The PowerEdge R750xa server is a perfect blend of technological prowess and innovation. This server is equipped with Intel Xeon Gold processors as well as with the latest NVIDIA GPUs. The PowerEdge R760xa server has been designed for the most demanding AI/ML/DL workloads as it is compatible with the latest NVIDIA TensorRT engine and CUDA version. With up to nine PCIe Gen4 slots and availability in a 1U or 2U configuration, the PowerEdge R750xa server is an excellent option for any demanding workload.

Figure 5: Front view of the Dell PowerEdge R750xa server

Figure 6: Rear view of the Dell PowerEdge R750xa server

For the following comparison, the Dell PowerEdge R750xa server is held constant but the GPU is updated from the NVIDIA A100 GPU to the NVIDIA H100 GPU. This comparison is useful if you are interested in keeping the server that you already have but are upgrading the GPU. As expected, the server with the NVIDIA H100 GPU shows significant performance improvements across all the workloads. Similar to the previous comparison, the high accuracy Natural Language Processing task on the NVIDIA H100 GPU shows promising performance improvements. In the high accuracy Server scenario for BERT, the NVIDIA H100 GPU showed a 156 percent improvement and in the Offline scenario a 174 percent improvement. On average, the PowerEdge R750xa server paired with the NVIDIA H100 GPU performed approximately 60 percent better than its GPU predecessor.
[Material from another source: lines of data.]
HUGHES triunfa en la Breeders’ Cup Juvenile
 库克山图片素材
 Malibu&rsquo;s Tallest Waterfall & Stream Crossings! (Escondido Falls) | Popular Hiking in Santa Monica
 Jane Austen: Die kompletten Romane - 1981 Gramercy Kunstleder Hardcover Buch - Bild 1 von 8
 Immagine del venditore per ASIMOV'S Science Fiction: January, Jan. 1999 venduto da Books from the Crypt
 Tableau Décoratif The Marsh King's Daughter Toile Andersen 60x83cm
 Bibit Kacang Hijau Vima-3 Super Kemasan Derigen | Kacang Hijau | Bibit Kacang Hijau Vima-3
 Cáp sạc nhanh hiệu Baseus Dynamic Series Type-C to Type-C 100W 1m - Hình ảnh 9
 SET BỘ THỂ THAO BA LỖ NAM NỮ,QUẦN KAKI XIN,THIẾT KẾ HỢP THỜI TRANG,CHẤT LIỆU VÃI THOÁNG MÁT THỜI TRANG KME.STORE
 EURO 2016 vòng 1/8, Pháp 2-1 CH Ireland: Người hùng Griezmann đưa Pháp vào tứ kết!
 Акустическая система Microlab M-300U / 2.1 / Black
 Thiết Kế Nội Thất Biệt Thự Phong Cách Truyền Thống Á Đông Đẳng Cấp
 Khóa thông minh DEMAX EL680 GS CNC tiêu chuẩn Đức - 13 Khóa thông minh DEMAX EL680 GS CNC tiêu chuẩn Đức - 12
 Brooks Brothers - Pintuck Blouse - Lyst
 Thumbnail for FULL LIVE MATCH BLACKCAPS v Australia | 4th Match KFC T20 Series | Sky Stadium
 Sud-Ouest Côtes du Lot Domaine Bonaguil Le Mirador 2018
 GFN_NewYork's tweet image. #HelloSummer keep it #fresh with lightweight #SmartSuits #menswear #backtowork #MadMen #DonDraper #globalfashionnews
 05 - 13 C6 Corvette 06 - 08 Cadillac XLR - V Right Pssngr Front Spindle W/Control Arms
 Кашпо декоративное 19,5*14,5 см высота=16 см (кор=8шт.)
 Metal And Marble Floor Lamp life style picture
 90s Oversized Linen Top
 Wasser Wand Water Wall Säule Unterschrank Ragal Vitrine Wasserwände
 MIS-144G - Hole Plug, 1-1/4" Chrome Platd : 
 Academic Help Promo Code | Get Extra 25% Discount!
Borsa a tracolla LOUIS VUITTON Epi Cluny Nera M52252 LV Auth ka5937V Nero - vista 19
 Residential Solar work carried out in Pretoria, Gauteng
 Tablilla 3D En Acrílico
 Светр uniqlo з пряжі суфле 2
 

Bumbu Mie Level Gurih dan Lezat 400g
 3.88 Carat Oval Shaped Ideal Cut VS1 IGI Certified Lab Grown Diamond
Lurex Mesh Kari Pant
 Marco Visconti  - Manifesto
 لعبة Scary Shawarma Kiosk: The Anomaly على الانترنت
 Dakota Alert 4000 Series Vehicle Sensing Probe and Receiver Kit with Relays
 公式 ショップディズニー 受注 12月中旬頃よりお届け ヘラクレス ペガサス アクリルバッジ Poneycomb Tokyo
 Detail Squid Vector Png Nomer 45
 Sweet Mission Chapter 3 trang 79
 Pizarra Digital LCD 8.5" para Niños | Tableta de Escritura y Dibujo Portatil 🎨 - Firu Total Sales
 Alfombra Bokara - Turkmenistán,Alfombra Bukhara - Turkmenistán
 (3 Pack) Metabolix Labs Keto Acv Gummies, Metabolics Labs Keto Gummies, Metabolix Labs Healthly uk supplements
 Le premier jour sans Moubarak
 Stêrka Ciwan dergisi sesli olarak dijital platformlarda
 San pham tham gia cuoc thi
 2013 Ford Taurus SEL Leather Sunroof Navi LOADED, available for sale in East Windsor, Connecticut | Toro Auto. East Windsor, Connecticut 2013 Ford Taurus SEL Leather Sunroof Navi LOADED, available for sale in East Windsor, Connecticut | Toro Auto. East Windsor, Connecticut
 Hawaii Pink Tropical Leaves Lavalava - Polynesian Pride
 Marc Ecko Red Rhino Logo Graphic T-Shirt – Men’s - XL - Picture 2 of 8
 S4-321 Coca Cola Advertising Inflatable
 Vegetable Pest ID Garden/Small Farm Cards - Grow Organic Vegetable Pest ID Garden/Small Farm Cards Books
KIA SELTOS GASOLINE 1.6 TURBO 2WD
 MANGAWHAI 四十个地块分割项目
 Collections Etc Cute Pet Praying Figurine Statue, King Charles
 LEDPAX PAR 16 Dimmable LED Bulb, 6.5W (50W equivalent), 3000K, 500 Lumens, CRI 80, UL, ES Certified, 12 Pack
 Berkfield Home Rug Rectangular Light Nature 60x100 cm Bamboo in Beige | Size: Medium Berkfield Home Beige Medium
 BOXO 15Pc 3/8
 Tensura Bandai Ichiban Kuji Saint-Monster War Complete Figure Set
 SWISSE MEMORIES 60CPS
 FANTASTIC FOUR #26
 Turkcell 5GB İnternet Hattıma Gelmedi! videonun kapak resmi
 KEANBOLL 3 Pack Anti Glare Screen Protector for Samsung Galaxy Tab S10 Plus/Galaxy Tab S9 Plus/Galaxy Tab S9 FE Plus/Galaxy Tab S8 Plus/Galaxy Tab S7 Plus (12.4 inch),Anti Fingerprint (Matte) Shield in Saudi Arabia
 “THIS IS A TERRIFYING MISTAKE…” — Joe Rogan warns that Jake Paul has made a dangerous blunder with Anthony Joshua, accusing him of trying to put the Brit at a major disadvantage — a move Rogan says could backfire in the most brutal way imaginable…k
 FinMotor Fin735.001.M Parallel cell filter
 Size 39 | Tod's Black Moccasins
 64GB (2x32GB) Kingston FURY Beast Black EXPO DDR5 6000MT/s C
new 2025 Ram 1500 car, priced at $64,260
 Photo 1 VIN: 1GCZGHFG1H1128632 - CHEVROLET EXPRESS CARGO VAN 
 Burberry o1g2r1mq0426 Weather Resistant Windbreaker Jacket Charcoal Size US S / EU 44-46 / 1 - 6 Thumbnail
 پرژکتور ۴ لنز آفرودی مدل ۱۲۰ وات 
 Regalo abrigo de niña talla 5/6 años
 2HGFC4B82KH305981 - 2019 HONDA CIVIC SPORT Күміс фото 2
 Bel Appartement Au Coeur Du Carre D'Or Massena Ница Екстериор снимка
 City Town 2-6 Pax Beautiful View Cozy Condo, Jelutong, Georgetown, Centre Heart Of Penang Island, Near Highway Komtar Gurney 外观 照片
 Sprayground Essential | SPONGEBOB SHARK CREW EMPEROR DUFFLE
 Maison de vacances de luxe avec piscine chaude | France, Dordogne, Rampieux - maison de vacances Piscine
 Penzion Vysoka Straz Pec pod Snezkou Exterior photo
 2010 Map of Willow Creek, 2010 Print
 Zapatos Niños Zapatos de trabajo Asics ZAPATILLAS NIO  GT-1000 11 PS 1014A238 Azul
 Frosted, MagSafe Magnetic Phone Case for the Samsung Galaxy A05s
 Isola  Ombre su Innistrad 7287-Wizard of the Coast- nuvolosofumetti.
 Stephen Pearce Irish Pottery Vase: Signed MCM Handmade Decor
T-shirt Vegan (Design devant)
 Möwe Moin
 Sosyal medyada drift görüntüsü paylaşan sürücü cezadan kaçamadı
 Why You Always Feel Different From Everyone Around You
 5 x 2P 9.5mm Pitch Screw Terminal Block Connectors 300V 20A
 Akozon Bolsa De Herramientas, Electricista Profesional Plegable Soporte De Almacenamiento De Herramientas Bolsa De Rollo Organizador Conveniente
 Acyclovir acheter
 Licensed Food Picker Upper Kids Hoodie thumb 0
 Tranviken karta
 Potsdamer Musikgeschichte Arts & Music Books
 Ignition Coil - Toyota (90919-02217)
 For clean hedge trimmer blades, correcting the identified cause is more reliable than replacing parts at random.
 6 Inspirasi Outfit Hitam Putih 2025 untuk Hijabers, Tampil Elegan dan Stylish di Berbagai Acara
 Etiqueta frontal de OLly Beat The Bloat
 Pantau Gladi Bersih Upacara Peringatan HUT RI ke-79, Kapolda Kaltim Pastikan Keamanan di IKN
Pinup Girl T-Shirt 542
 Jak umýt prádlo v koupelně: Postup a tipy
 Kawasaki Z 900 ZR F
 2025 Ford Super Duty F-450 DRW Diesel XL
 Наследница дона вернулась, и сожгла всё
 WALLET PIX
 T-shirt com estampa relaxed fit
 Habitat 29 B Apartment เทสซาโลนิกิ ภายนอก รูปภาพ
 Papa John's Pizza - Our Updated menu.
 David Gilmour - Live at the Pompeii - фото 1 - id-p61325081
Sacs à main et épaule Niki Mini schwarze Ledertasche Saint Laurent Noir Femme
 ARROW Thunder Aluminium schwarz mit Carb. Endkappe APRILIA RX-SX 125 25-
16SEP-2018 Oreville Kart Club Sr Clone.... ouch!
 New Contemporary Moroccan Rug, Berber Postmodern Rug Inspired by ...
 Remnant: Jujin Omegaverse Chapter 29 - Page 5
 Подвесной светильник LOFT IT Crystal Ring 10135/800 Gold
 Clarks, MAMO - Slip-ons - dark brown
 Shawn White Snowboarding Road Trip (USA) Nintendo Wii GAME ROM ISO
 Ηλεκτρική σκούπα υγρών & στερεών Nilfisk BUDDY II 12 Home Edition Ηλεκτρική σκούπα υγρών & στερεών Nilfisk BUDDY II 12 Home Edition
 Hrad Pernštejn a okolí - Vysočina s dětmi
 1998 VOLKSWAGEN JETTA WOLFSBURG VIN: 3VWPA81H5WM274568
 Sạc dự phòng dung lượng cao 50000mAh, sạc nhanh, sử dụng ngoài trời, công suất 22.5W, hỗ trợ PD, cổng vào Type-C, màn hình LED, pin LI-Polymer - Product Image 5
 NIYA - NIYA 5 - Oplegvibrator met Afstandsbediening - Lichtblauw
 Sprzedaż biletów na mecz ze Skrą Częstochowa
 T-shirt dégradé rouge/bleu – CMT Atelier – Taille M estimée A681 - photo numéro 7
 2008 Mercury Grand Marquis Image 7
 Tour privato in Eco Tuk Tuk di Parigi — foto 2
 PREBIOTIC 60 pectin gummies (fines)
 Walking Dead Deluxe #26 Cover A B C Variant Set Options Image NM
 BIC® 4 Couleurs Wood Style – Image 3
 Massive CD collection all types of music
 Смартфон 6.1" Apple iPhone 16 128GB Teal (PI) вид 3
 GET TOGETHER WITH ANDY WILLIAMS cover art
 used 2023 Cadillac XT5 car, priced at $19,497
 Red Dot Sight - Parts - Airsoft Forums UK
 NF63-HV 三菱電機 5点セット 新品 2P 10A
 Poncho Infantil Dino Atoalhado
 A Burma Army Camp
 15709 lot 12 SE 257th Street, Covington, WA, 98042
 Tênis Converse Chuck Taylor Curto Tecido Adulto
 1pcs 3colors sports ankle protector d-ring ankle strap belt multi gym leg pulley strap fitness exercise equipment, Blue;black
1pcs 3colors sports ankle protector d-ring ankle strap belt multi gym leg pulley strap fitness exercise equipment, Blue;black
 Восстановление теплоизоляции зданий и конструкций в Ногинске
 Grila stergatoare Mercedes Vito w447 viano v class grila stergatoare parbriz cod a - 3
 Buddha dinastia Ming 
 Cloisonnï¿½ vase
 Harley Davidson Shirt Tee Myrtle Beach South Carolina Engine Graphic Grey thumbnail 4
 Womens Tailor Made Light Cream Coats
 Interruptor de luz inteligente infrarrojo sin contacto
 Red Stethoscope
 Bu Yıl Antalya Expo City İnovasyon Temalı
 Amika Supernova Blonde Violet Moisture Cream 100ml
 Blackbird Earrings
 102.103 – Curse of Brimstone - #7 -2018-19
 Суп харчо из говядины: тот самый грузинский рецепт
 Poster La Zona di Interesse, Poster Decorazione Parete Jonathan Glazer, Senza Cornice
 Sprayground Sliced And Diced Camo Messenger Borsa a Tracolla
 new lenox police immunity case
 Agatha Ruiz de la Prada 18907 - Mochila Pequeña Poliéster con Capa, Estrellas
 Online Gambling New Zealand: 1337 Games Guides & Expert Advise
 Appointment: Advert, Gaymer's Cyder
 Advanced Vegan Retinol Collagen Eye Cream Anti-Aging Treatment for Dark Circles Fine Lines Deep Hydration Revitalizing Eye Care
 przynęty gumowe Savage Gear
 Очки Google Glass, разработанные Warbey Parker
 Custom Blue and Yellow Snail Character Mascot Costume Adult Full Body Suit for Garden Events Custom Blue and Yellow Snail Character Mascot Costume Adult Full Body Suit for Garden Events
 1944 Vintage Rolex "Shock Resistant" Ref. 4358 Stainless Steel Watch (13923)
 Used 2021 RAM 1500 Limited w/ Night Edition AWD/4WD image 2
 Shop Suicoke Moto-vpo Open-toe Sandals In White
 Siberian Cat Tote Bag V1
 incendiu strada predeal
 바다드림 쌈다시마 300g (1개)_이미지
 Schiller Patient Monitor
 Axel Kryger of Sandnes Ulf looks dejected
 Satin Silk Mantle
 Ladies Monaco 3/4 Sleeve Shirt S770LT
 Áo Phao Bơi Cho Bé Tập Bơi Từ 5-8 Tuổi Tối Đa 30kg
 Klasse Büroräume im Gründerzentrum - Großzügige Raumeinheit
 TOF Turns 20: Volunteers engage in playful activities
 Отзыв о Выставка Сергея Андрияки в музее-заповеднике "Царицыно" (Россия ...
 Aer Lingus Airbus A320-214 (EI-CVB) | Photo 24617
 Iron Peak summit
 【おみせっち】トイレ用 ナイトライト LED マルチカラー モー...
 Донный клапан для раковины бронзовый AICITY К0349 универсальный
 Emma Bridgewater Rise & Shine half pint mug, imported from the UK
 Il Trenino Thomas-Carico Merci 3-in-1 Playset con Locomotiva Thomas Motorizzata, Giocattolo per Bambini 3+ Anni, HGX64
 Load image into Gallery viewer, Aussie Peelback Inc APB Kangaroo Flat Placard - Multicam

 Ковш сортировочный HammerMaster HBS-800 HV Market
Figure 7: Percentage difference between the Dell PowerEdge R750xa H100 and Dell PowerEdge R750xa A100 for MLPerf Inference v3.1

The comparison shown in the following figure is an interesting comparison across two rounds of submissions. The hardware for the SUT is identical with the Dell PowerEdge R750xa server paired with the NVIDIA A100 GPU. The performance delta from this graph can be attributed to the changes in the software stack. For the vision tasks, RetinaNet and 3D-UNet, the NVIDIA H100 GPU showed a considerable improvement in performance. For the BERT Server scenario, the performance is approximately the same. However, for the BERT Offline scenario in both the default and high accuracy modes, there was a slight regression in performance. This result can be attributed to regressions in the BERT model.

Figure 8: Percentage difference between the Dell PowerEdge R750xa server with the NVIDIA A100 GPU v3.1 submission and the Dell PowerEdge R750xa server with the NVIDIA A100 GPU v3.0 submission

Conclusion

The MLPerf Inference submissions always elicit insightful comparisons. This blog highlighted these comparisons between the MLPerf Inference v3.1 and v3.0 rounds of submission:

A generation-to-generation comparison of the Dell PowerEdge R760xa server and the Dell PowerEdge R750xa server while keeping the GPU constant on average boasts an impressive 6.22 percent performance improvement.
An upgrade of the server as well as the GPU from the Dell PowerEdge R750xa server paired with the NVIDIA A100 GPU to the Dell PowerEdge R760xa server paired with the NVIDIA H100 GPU shows a noteworthy boost in performance. You can expect about an average of 71 percent increase in performance across benchmarks by upgrading both the server and the GPU.
While maintaining the Dell PowerEdge R750xa server and upgrading the GPU from the NVIDIA A100 GPU to the NVIDIA H100 GPU, you can expect an approximate 60 percent increase in performance across benchmarks.
While maintaining the same SUT across rounds with the Dell PowerEdge R750xa server and the NVIDIA A100 GPU, you can expect on average an 11.36 percent increase in improvement for RetinaNet, 3D-UNet, and RNNT tasks, thanks to software improvements. However, there are minor regressions in performance in the BERT benchmark.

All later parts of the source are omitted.